→ Exercise details: When you answer, restate the entries below without altering anything.

[Source data]
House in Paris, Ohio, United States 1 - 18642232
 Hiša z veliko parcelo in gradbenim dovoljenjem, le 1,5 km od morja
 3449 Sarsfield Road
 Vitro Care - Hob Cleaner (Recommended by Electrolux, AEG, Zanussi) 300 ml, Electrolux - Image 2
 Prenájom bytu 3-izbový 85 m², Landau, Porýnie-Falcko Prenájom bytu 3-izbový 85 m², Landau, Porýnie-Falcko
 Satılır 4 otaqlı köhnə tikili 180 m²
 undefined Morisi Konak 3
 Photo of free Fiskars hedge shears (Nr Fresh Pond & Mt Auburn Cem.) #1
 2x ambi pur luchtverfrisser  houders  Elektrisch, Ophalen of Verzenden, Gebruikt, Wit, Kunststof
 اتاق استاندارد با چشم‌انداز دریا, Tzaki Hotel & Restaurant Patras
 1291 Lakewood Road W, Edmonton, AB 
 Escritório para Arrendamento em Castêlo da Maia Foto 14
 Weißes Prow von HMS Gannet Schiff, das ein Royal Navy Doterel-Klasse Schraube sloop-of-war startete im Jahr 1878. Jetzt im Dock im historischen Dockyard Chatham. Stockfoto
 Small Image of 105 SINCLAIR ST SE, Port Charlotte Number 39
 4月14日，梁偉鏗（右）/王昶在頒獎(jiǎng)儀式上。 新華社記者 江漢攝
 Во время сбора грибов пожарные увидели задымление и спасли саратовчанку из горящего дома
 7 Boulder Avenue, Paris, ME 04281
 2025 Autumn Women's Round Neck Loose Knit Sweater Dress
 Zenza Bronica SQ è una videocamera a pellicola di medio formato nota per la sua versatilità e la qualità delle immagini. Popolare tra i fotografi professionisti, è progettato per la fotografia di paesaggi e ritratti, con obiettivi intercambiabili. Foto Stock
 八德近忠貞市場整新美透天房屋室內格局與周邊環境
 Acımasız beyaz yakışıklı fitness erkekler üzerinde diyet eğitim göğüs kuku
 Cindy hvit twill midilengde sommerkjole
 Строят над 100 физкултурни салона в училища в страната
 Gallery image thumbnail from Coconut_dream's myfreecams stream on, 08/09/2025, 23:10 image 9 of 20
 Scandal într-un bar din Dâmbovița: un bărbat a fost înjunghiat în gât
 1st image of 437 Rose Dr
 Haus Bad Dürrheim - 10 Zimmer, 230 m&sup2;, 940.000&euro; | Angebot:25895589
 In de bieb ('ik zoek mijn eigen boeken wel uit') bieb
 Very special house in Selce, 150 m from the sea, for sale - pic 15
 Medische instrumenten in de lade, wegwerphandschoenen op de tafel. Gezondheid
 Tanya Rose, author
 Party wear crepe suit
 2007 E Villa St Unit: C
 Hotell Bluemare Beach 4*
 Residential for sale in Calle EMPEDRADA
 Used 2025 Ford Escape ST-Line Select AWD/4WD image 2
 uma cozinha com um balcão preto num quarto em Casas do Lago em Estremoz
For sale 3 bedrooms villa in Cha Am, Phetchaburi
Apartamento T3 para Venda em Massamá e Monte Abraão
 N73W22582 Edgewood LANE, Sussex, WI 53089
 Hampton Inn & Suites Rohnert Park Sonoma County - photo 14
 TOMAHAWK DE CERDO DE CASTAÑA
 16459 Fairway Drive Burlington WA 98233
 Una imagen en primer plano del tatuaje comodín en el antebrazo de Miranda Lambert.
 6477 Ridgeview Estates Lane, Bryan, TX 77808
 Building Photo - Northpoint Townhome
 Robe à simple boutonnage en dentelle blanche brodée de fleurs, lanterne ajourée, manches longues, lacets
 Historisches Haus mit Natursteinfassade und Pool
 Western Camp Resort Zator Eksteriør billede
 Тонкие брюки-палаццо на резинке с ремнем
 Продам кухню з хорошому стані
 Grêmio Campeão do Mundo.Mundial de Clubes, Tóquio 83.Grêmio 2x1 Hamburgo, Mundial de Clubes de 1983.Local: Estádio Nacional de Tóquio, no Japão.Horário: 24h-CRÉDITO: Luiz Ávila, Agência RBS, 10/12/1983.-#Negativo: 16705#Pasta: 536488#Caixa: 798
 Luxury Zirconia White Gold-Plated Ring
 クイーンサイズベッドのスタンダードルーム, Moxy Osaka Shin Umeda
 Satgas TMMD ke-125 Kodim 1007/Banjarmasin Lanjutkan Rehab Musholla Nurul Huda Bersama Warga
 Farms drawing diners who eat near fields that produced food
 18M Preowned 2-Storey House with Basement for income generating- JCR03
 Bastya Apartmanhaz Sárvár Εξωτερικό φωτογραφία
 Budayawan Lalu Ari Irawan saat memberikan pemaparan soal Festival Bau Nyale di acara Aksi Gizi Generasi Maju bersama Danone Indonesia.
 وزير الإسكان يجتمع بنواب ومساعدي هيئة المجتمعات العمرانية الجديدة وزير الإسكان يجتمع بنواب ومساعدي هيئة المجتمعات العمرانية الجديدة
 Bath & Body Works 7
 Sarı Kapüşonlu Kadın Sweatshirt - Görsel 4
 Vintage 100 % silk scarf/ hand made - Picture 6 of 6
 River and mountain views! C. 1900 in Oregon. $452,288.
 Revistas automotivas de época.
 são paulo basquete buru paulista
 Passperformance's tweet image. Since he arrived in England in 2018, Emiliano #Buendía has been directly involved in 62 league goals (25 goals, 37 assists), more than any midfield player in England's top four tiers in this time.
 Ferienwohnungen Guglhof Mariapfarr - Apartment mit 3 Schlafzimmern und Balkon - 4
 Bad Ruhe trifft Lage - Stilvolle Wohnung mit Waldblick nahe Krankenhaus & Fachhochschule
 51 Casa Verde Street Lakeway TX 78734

→ Answer space:
House in Paris, Ohio, United States 1 - 18642232
 Hiša z veliko parcelo in gradbenim dovoljenjem, le 1,5 km od morja
 3449 Sarsfield Road
 Vitro Care - Hob Cleaner (Recommended by Electrolux, AEG, Zanussi) 300 ml, Electrolux - Image 2
 Prenájom bytu 3-izbový 85 m², Landau, Porýnie-Falcko Prenájom bytu 3-izbový 85 m², Landau, Porýnie-Falcko
 Satılır 4 otaqlı köhnə tikili 180 m²
 undefined Morisi Konak 3
 Photo of free Fiskars hedge shears (Nr Fresh Pond & Mt Auburn Cem.) #1
 2x ambi pur luchtverfrisser  houders  Elektrisch, Ophalen of Verzenden, Gebruikt, Wit, Kunststof
 اتاق استاندارد با چشم‌انداز دریا, Tzaki Hotel & Restaurant Patras
 1291 Lakewood Road W, Edmonton, AB 
 Escritório para Arrendamento em Castêlo da Maia Foto 14
 Weißes Prow von HMS Gannet Schiff, das ein Royal Navy Doterel-Klasse Schraube sloop-of-war startete im Jahr 1878. Jetzt im Dock im historischen Dockyard Chatham. Stockfoto
 Small Image of 105 SINCLAIR ST SE, Port Charlotte Number 39
 4月14日，梁偉鏗（右）/王昶在頒獎(jiǎng)儀式上。 新華社記者 江漢攝
 Во время сбора грибов пожарные увидели задымление и спасли саратовчанку из горящего дома
 7 Boulder Avenue, Paris, ME 04281
 2025 Autumn Women's Round Neck Loose Knit Sweater Dress
 Zenza Bronica SQ è una videocamera a pellicola di medio formato nota per la sua versatilità e la qualità delle immagini. Popolare tra i fotografi professionisti, è progettato per la fotografia di paesaggi e ritratti, con obiettivi intercambiabili. Foto Stock
 八德近忠貞市場整新美透天房屋室內格局與周邊環境
 Acımasız beyaz yakışıklı fitness erkekler üzerinde diyet eğitim göğüs kuku
 Cindy hvit twill midilengde sommerkjole
 Строят над 100 физкултурни салона в училища в страната
 Gallery image thumbnail from Coconut_dream's myfreecams stream on, 08/09/2025, 23:10 image 9 of 20
 Scandal într-un bar din Dâmbovița: un bărbat a fost înjunghiat în gât
 1st image of 437 Rose Dr
 Haus Bad Dürrheim - 10 Zimmer, 230 m&sup2;, 940.000&euro; | Angebot:25895589
 In de bieb ('ik zoek mijn eigen boeken wel uit') bieb
 Very special house in Selce, 150 m from the sea, for sale - pic 15
 Medische instrumenten in de lade, wegwerphandschoenen op de tafel. Gezondheid
 Tanya Rose, author
 Party wear crepe suit
 2007 E Villa St Unit: C
 Hotell Bluemare Beach 4*
 Residential for sale in Calle EMPEDRADA
 Used 2025 Ford Escape ST-Line Select AWD/4WD image 2
 uma cozinha com um balcão preto num quarto em Casas do Lago em Estremoz
For sale 3 bedrooms villa in Cha Am, Phetchaburi
Apartamento T3 para Venda em Massamá e Monte Abraão
 N73W22582 Edgewood LANE, Sussex, WI 53089
 Hampton Inn & Suites Rohnert Park Sonoma County - photo 14
 TOMAHAWK DE CERDO DE CASTAÑA
 16459 Fairway Drive Burlington WA 98233
 Una imagen en primer plano del tatuaje comodín en el antebrazo de Miranda Lambert.
 6477 Ridgeview Estates Lane, Bryan, TX 77808
 Building Photo - Northpoint Townhome
 Robe à simple boutonnage en dentelle blanche brodée de fleurs, lanterne ajourée, manches longues, lacets
 Historisches Haus mit Natursteinfassade und Pool
 Western Camp Resort Zator Eksteriør billede
 Тонкие брюки-палаццо на резинке с ремнем
 Продам кухню з хорошому стані
 Grêmio Campeão do Mundo.Mundial de Clubes, Tóquio 83.Grêmio 2x1 Hamburgo, Mundial de Clubes de 1983.Local: Estádio Nacional de Tóquio, no Japão.Horário: 24h-CRÉDITO: Luiz Ávila, Agência RBS, 10/12/1983.-#Negativo: 16705#Pasta: 536488#Caixa: 798
 Luxury Zirconia White Gold-Plated Ring
 クイーンサイズベッドのスタンダードルーム, Moxy Osaka Shin Umeda
 Satgas TMMD ke-125 Kodim 1007/Banjarmasin Lanjutkan Rehab Musholla Nurul Huda Bersama Warga
 Farms drawing diners who eat near fields that produced food
 18M Preowned 2-Storey House with Basement for income generating- JCR03
 Bastya Apartmanhaz Sárvár Εξωτερικό φωτογραφία
 Budayawan Lalu Ari Irawan saat memberikan pemaparan soal Festival Bau Nyale di acara Aksi Gizi Generasi Maju bersama Danone Indonesia.
 وزير الإسكان يجتمع بنواب ومساعدي هيئة المجتمعات العمرانية الجديدة وزير الإسكان يجتمع بنواب ومساعدي هيئة المجتمعات العمرانية الجديدة
 Bath & Body Works 7
 Sarı Kapüşonlu Kadın Sweatshirt - Görsel 4
 Vintage 100 % silk scarf/ hand made - Picture 6 of 6
 River and mountain views! C. 1900 in Oregon. $452,288.
 Revistas automotivas de época.
 são paulo basquete buru paulista
 Passperformance's tweet image. Since he arrived in England in 2018, Emiliano #Buendía has been directly involved in 62 league goals (25 goals, 37 assists), more than any midfield player in England's top four tiers in this time.
 Ferienwohnungen Guglhof Mariapfarr - Apartment mit 3 Schlafzimmern und Balkon - 4
 Bad Ruhe trifft Lage - Stilvolle Wohnung mit Waldblick nahe Krankenhaus & Fachhochschule
 51 Casa Verde Street Lakeway TX 78734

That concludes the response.